Live visual artists, visual producers, media artists, VJs – the best news from Apple this month for us is that the company has added the ability to turn off the orange dots that appear when an audio input is active.
I first reported on this (thanks for the tip) back in macOS Monterey in 2021. Apple added a privacy indicator to show when an audio input or microphone was active. For most users, that’s a good thing since it can show if a malicious app is spying on you — or, more likely, you’ve just accidentally left a mic on at an inopportune moment.
Either way, that’s a serious security concern. But it’s a showstopper for anyone using the video output of their Mac for art, live visuals, and any other visual production where you don’t want that orange dot marring your output. Since a lot of us use the audio input for audio reactive visuals (or other use of audio signal), it comes up a lot.
Since Monterey, there have been various unofficial ways of turning off the orange dot for successive OS versions. If you need to use an OS from macOS 12 Monterey up through previous versions of Sonoma, you can check my most recent article. But these workarounds are unsupported, and some are pretty awkward.
Apple has added an official ability to hide privacy indicators. It still requires a few steps – if it didn’t, theoretically malicious software could exploit the disabling function. But it works well, and it’s easy – and macOS 14.4 is a reliable and mature release of Sonoma that’s likely what you want for this particular use case anyway.
From Apple’s official support document:
To hide privacy indicators – the orange and green dots that appear next to Control Centre in the menu bar to show that your microphone or camera is in use – on an external display while viewing an app in full screen, first execute a system override command in Terminal. Then turn off privacy indicators for external displays in System Settings.
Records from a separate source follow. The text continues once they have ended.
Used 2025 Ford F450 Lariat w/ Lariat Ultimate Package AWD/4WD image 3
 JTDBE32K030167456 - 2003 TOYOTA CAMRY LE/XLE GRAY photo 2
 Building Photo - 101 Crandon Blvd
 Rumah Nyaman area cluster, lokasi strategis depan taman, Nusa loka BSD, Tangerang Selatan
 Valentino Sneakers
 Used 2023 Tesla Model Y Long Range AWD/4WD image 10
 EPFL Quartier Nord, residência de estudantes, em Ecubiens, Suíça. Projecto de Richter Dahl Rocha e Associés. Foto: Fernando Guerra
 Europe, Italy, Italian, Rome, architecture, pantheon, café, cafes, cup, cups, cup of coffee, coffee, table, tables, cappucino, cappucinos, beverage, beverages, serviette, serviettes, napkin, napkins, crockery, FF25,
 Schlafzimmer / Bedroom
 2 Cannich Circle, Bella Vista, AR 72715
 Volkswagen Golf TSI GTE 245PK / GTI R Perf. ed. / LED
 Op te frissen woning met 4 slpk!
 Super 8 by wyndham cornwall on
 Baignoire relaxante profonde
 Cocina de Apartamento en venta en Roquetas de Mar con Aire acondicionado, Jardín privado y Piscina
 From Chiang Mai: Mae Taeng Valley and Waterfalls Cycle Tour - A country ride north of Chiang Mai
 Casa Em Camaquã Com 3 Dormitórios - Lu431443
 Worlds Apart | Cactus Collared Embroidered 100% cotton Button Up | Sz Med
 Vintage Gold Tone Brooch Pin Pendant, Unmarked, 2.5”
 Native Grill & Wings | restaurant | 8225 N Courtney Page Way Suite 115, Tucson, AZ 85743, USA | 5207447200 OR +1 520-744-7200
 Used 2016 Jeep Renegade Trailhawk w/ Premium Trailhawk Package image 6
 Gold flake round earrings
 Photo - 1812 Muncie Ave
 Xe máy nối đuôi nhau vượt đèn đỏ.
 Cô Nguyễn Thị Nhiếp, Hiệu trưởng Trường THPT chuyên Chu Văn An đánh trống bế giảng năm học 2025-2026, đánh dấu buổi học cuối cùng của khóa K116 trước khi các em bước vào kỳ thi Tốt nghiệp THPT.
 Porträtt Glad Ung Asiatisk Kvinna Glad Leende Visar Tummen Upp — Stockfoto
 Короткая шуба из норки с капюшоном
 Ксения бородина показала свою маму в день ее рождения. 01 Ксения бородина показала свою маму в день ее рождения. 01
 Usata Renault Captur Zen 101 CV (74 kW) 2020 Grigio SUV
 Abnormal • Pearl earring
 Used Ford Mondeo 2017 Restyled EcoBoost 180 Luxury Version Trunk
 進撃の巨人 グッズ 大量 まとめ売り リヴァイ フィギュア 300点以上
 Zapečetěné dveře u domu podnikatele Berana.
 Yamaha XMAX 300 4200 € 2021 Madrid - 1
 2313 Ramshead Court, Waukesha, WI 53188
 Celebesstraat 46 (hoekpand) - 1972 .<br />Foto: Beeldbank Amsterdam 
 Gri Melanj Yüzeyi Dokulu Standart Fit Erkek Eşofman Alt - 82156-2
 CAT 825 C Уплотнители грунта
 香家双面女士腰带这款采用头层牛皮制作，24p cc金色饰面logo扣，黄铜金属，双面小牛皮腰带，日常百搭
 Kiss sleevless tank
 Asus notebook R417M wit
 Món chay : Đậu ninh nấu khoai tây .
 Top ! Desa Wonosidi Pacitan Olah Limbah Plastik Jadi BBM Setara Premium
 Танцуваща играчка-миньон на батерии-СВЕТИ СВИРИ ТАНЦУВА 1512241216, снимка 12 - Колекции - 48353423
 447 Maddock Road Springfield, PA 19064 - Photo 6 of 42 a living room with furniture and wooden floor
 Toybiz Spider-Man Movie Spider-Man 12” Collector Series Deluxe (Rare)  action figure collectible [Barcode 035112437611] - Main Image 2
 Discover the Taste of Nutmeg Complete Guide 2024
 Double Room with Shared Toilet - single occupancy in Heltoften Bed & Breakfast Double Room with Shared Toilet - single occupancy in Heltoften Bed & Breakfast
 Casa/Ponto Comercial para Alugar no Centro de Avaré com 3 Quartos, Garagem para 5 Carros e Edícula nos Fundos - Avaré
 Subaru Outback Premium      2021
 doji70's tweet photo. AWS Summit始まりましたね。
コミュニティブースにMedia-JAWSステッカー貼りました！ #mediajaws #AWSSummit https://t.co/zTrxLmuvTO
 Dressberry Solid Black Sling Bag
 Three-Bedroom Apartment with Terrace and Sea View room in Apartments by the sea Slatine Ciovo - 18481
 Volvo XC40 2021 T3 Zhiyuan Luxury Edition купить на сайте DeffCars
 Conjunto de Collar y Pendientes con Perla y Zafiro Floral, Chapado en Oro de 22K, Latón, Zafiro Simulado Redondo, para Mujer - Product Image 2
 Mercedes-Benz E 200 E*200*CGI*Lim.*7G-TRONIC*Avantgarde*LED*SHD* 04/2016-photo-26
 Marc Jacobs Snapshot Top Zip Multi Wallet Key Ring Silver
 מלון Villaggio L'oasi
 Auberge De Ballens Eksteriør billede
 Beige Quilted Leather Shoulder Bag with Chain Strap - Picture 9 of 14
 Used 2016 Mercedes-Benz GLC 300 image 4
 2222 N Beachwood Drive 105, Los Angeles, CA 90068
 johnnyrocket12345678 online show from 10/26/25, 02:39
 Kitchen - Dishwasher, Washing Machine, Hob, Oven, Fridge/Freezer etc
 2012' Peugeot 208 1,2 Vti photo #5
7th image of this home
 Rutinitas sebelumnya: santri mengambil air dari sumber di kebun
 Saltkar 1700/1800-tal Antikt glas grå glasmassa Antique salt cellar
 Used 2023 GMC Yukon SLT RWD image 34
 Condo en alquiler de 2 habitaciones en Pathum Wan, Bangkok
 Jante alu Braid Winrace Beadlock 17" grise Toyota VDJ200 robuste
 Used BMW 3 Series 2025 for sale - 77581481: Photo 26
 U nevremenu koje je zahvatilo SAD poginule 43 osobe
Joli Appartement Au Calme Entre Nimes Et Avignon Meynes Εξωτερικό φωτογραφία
Turn off privacy indicators for external displays on your Mac
Oh, by the way, I can categorically say that dot is “orange” – if an odd shade that can read as yellow depending on your background. At least on my machine’s screenshot I see #cb8c48, which oddly doesn’t match the mic input #f3ad41 … you know, I don’t care, make the damned thing go away and rejoice!
By the way, after doing that, do this:
How to turn off FaceTime video reactions in iOS 17 and macOS Sonoma
Because you also don’t want balloons spontaneously appearing on the video wall you’re running using the internal camera. (Less frequent, but still…)
And please, let’s not get in an OS argument about this. Every desktop OS has these annoyances by default – Linux using any of the major desktops, macOS, and Windows. Disabling audio indications is also part of my workflow. No, the line is whether you can turn it off or not. Rejoice and be free.